• **INSTRUCTIONS TO FOLLOW**: Please reproduce verbatim the lines below, from the first through the one with "Hyundai Elantra 2012, 241,402".

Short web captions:
+ + + + + + +

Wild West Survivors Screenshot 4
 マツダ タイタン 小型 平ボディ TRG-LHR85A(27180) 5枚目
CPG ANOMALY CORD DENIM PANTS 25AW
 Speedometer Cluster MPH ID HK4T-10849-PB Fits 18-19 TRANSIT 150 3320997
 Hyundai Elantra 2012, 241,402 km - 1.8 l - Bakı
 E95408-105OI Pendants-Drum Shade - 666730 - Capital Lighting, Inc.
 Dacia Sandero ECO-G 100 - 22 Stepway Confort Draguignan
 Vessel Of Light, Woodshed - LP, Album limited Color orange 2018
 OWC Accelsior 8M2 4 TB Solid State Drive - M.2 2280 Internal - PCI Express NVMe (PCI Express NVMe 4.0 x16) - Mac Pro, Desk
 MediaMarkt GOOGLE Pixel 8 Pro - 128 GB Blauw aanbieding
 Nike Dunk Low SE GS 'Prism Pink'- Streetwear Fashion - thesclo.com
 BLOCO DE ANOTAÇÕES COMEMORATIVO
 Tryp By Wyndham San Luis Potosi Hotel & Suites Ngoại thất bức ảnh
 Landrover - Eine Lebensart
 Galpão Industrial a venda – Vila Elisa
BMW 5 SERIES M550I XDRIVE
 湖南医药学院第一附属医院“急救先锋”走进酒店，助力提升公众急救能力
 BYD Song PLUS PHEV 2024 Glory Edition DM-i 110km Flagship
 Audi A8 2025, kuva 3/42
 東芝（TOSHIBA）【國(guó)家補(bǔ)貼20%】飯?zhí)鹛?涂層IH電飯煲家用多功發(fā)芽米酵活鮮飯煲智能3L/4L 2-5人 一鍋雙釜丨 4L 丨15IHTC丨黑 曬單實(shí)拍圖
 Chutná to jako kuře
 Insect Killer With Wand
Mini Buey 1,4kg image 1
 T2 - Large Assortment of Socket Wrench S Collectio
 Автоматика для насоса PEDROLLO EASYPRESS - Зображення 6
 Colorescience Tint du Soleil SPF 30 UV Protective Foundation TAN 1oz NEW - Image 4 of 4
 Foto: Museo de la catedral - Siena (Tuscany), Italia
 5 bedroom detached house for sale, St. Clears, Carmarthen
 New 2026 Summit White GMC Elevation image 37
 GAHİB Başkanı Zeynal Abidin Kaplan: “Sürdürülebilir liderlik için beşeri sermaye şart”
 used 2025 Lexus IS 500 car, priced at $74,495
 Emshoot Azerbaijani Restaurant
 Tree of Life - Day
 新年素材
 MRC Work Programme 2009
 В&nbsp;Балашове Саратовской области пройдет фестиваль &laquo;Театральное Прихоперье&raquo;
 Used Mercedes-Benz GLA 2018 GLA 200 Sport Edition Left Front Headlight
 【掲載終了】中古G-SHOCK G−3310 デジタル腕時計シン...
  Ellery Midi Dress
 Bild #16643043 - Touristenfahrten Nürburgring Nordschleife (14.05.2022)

+ + + + + + +

• **EXERCISE ANSWER**:
Wild West Survivors Screenshot 4
 マツダ タイタン 小型 平ボディ TRG-LHR85A(27180) 5枚目
CPG ANOMALY CORD DENIM PANTS 25AW
 Speedometer Cluster MPH ID HK4T-10849-PB Fits 18-19 TRANSIT 150 3320997
 Hyundai Elantra 2012, 241,402 km - 1.8 l - Bakı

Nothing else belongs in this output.